▶ _Aim of the exercise_
Your answer should repeat every line of the records below in which the word "Black" appears.

(Material provided)

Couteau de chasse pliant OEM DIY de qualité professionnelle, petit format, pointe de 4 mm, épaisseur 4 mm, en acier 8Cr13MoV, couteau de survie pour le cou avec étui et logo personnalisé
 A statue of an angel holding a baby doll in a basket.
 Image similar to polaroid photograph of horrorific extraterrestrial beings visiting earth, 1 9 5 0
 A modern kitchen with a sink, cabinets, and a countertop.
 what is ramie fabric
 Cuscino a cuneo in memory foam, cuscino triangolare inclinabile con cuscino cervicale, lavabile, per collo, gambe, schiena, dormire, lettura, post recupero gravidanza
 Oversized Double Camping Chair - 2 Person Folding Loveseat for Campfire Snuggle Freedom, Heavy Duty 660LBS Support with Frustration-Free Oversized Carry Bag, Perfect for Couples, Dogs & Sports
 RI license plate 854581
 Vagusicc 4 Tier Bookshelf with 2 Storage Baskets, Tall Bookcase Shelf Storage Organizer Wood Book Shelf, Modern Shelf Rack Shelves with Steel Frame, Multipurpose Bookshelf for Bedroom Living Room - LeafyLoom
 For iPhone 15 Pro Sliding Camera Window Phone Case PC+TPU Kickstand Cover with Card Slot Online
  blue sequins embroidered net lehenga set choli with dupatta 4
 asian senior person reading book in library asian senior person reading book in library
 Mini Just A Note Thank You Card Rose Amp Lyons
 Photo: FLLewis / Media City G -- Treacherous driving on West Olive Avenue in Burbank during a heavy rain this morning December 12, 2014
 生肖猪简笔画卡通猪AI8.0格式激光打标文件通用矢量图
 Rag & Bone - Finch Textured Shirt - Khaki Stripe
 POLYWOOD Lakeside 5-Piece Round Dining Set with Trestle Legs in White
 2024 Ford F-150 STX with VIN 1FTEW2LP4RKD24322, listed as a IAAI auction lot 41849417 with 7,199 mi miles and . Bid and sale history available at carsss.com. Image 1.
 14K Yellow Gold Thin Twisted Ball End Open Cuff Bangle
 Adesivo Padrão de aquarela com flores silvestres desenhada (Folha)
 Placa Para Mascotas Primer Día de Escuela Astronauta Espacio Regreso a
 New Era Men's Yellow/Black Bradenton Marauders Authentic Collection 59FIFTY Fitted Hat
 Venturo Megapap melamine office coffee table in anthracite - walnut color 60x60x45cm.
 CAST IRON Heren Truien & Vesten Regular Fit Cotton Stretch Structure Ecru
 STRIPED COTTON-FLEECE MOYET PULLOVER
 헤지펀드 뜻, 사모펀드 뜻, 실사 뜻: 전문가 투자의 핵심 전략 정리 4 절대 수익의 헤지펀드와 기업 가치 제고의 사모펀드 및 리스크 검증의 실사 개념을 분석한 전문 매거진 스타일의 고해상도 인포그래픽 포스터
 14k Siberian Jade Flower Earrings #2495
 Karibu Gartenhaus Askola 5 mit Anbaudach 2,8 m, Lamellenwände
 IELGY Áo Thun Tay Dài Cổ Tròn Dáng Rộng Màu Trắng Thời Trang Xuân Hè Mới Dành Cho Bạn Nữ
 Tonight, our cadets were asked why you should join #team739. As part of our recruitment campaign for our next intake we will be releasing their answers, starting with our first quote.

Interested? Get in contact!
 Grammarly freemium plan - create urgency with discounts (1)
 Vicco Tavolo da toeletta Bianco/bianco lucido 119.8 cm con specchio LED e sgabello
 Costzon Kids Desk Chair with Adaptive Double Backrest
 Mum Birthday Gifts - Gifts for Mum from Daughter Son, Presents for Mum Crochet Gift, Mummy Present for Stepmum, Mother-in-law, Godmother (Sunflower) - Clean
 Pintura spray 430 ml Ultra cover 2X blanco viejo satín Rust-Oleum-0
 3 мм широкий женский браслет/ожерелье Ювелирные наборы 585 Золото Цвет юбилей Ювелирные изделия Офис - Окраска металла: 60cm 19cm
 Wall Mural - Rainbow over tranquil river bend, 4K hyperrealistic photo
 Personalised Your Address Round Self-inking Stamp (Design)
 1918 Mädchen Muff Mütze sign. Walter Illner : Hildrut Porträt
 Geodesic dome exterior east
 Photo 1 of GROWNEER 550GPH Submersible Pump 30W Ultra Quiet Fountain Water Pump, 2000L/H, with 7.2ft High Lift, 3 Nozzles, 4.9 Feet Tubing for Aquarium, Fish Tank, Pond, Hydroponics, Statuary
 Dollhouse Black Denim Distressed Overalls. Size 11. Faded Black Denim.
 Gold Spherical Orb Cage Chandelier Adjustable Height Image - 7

(End Material provided)

▶ _Task solution_
 New Era Men's Yellow/Black Bradenton Marauders Authentic Collection 59FIFTY Fitted Hat
 Dollhouse Black Denim Distressed Overalls. Size 11. Faded Black Denim.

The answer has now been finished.